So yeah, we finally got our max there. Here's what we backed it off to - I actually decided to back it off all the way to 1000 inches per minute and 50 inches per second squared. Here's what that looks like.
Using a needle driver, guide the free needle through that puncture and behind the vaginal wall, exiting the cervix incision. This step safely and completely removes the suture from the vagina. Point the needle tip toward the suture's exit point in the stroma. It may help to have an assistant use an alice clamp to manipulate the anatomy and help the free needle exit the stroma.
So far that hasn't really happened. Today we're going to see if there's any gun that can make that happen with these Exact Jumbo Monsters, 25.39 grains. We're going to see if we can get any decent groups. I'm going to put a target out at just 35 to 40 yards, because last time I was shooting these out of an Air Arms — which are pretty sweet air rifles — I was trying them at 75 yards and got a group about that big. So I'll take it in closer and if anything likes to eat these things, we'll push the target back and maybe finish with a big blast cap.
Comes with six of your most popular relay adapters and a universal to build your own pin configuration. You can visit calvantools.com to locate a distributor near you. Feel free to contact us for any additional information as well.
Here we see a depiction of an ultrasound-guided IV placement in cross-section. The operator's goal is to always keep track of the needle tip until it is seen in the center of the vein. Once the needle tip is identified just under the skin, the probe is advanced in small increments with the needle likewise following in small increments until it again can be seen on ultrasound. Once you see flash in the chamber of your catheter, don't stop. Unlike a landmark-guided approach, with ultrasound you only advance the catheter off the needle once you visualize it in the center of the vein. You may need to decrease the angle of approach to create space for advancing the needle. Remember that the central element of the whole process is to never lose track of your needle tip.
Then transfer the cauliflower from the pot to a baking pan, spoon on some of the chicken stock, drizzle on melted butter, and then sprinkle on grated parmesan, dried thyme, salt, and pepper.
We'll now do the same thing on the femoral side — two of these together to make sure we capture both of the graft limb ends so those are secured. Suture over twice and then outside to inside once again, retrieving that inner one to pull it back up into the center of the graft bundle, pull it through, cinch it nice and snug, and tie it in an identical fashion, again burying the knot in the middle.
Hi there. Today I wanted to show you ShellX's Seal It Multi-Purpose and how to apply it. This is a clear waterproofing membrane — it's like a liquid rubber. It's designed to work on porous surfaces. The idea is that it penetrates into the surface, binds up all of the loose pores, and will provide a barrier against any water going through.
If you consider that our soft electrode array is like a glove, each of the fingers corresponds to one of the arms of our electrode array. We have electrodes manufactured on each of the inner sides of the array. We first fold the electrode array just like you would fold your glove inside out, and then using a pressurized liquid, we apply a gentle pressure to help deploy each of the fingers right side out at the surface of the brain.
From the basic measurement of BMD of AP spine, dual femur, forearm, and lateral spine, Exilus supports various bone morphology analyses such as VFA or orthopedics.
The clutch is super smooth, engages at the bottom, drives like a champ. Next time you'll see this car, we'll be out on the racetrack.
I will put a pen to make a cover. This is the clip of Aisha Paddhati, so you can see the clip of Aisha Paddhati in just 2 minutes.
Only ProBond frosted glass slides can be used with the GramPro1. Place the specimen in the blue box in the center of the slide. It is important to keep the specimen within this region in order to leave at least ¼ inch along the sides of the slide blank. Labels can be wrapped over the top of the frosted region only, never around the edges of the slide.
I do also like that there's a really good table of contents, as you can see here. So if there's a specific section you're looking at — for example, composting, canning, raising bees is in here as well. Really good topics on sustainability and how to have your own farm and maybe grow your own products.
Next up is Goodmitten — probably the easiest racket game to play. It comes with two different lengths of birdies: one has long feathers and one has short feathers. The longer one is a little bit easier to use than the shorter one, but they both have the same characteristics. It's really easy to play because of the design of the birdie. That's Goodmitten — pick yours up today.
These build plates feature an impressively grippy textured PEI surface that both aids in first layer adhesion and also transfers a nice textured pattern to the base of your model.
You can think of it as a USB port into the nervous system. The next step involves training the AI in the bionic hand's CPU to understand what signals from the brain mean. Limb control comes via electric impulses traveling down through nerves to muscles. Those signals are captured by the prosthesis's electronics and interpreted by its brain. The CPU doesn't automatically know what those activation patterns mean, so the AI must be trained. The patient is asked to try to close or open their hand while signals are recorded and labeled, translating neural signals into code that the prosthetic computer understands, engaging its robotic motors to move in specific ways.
******************************
**WHAT TO DO**
From the records above, extract exactly and only the lines that begin at the line with "Only ProBond frosted" and stop after the line with "These build plates".

**RESPONSE AREA**
Only ProBond frosted glass slides can be used with the GramPro1. Place the specimen in the blue box in the center of the slide. It is important to keep the specimen within this region in order to leave at least ¼ inch along the sides of the slide blank. Labels can be wrapped over the top of the frosted region only, never around the edges of the slide.
I do also like that there's a really good table of contents, as you can see here. So if there's a specific section you're looking at — for example, composting, canning, raising bees is in here as well. Really good topics on sustainability and how to have your own farm and maybe grow your own products.
Next up is Goodmitten — probably the easiest racket game to play. It comes with two different lengths of birdies: one has long feathers and one has short feathers. The longer one is a little bit easier to use than the shorter one, but they both have the same characteristics. It's really easy to play because of the design of the birdie. That's Goodmitten — pick yours up today.
These build plates feature an impressively grippy textured PEI surface that both aids in first layer adhesion and also transfers a nice textured pattern to the base of your model.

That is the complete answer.